### Stored items from a collection

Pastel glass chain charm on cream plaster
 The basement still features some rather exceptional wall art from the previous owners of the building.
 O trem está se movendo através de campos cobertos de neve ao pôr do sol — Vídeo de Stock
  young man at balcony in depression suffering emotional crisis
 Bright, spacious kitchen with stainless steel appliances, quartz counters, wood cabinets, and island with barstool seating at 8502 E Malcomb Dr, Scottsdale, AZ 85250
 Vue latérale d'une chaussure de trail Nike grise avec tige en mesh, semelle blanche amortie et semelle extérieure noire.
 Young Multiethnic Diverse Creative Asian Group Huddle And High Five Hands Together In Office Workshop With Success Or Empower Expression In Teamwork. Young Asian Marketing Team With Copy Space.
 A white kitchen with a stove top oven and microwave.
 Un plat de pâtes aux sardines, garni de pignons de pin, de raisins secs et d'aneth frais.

### Exercise description
Please reproduce all of the entries exactly as they stand.

### Solution to this exercise
Pastel glass chain charm on cream plaster
 The basement still features some rather exceptional wall art from the previous owners of the building.
 O trem está se movendo através de campos cobertos de neve ao pôr do sol — Vídeo de Stock
  young man at balcony in depression suffering emotional crisis
 Bright, spacious kitchen with stainless steel appliances, quartz counters, wood cabinets, and island with barstool seating at 8502 E Malcomb Dr, Scottsdale, AZ 85250
 Vue latérale d'une chaussure de trail Nike grise avec tige en mesh, semelle blanche amortie et semelle extérieure noire.
 Young Multiethnic Diverse Creative Asian Group Huddle And High Five Hands Together In Office Workshop With Success Or Empower Expression In Teamwork. Young Asian Marketing Team With Copy Space.
 A white kitchen with a stove top oven and microwave.
 Un plat de pâtes aux sardines, garni de pignons de pin, de raisins secs et d'aneth frais.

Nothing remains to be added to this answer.